- _TASK_:
Without including any images, repeat the data exactly.

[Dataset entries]

——————————

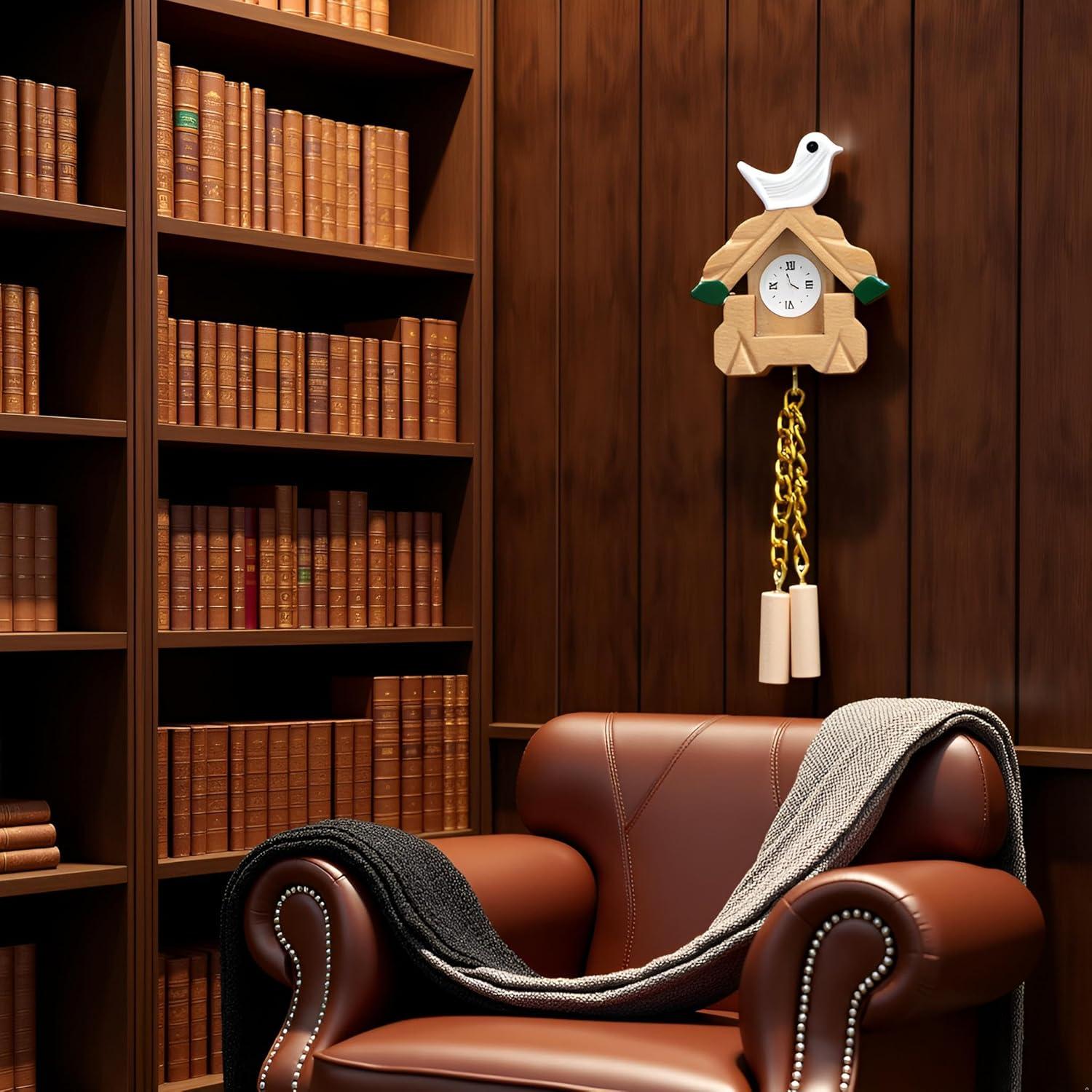 Reloj de Cuco Miniatura de Madera Jowxsx 1/12 para Casa de Muñecas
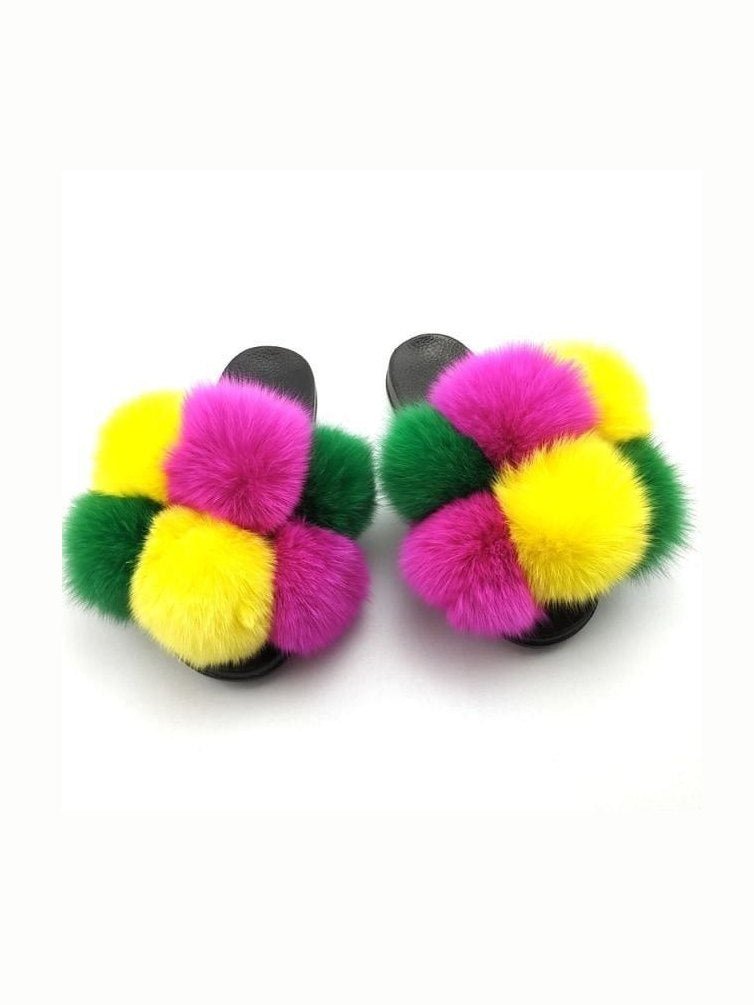 Women's Faux Fur Fluffy Slides — Open Toe Flat Sandals, Indoor & Outdoor - Courbe et Compagnie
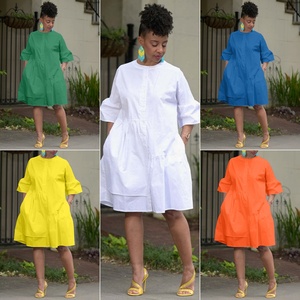 Vestidos de Verano Modernos D8584 para Mujer, Casuales, con Mangas Holgadas, Cuello Redondo, Color Sólido, Elegantes, Holgados, Tipo Camisa - Product Image 2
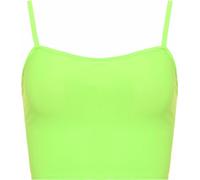 LUXE DIVA Womens Strappy Sleeveless Ladies Bralet Crop Stretch Vest Top - 8-14 Neon Green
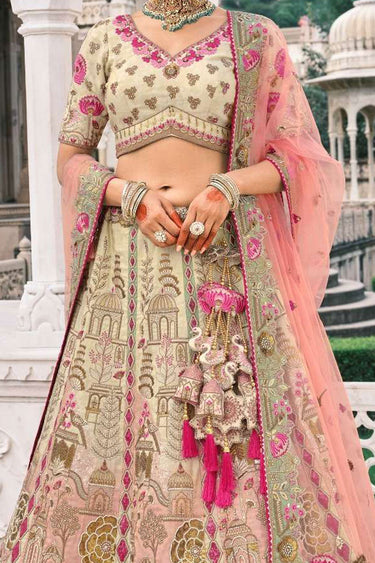 Art Silk Fabric Wedding Wear Vivacious Lehenga Choli In Beige Color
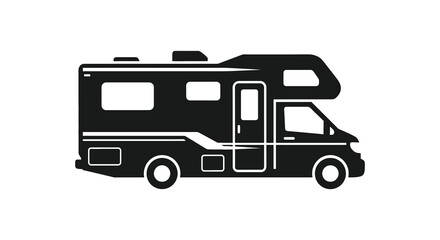 A detailed black and white illustration of a recreational vehicle for travel and adventure silhouette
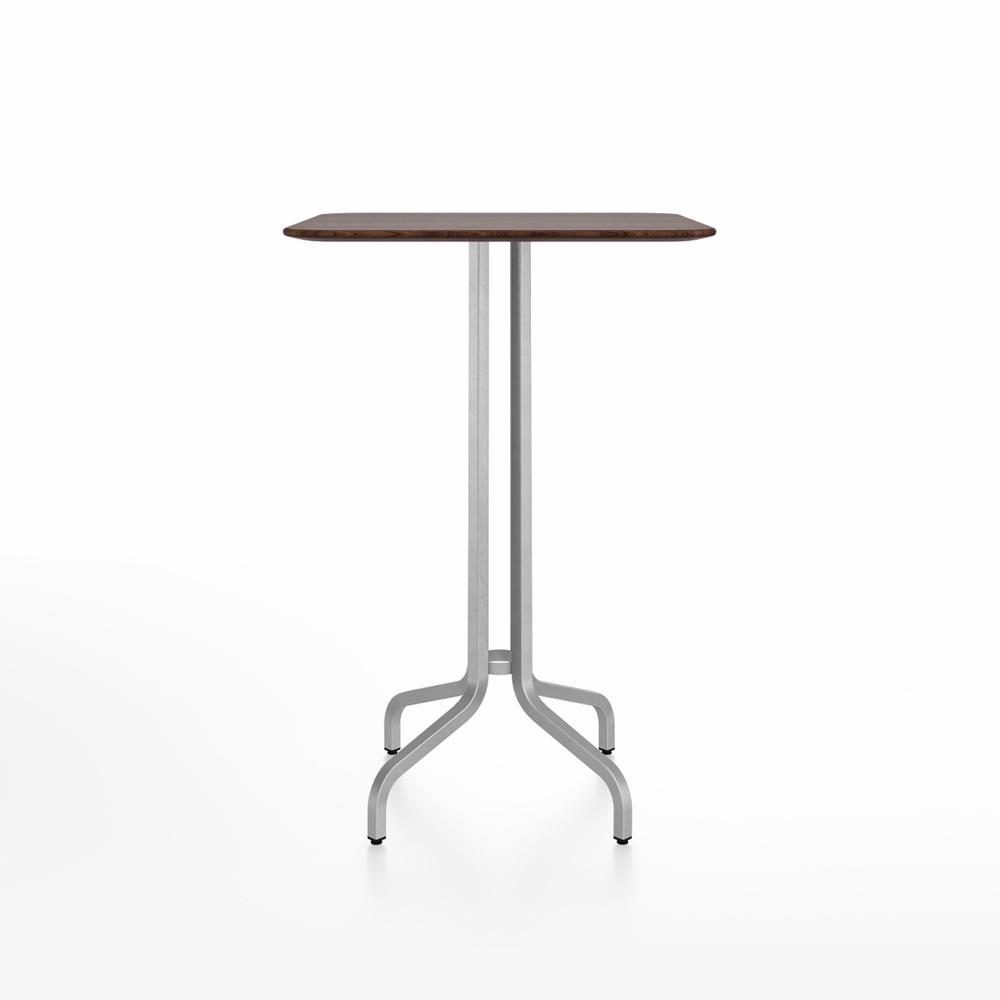 Emeco 1 Inch Bar Table - Square Top Coffee table Emeco Table Top 30&quot; Brushed Aluminum Walnut Wood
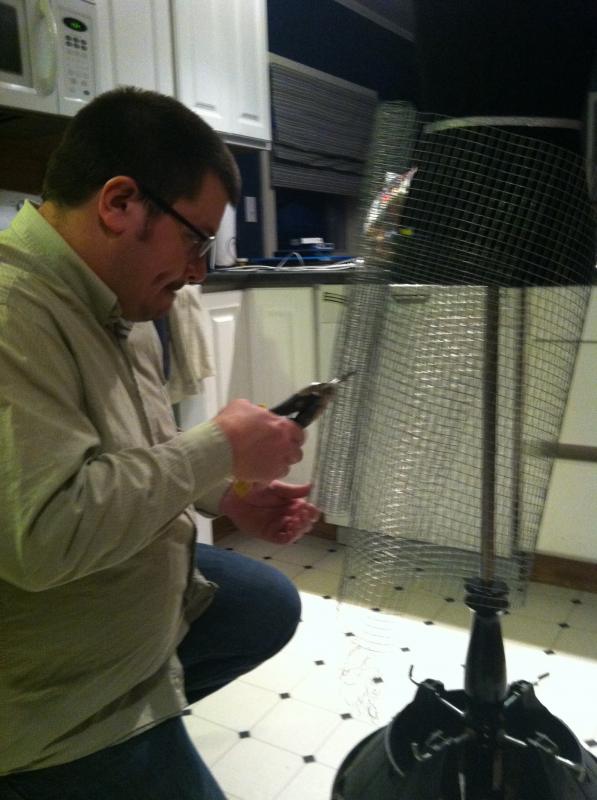 Mandie’s husband, Ben, had to cut the chicken wire because she is left handed. (Photo by Mandie Goody Sawyer)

——————————

- _ANSWER FOR THIS EXERCISE_:
 Reloj de Cuco Miniatura de Madera Jowxsx 1/12 para Casa de Muñecas
 Women's Faux Fur Fluffy Slides — Open Toe Flat Sandals, Indoor & Outdoor - Courbe et Compagnie
 Vestidos de Verano Modernos D8584 para Mujer, Casuales, con Mangas Holgadas, Cuello Redondo, Color Sólido, Elegantes, Holgados, Tipo Camisa - Product Image 2
 LUXE DIVA Womens Strappy Sleeveless Ladies Bralet Crop Stretch Vest Top - 8-14 Neon Green
 Art Silk Fabric Wedding Wear Vivacious Lehenga Choli In Beige Color
 A detailed black and white illustration of a recreational vehicle for travel and adventure silhouette
 Emeco 1 Inch Bar Table - Square Top Coffee table Emeco Table Top 30&quot; Brushed Aluminum Walnut Wood
 Mandie’s husband, Ben, had to cut the chicken wire because she is left handed. (Photo by Mandie Goody Sawyer)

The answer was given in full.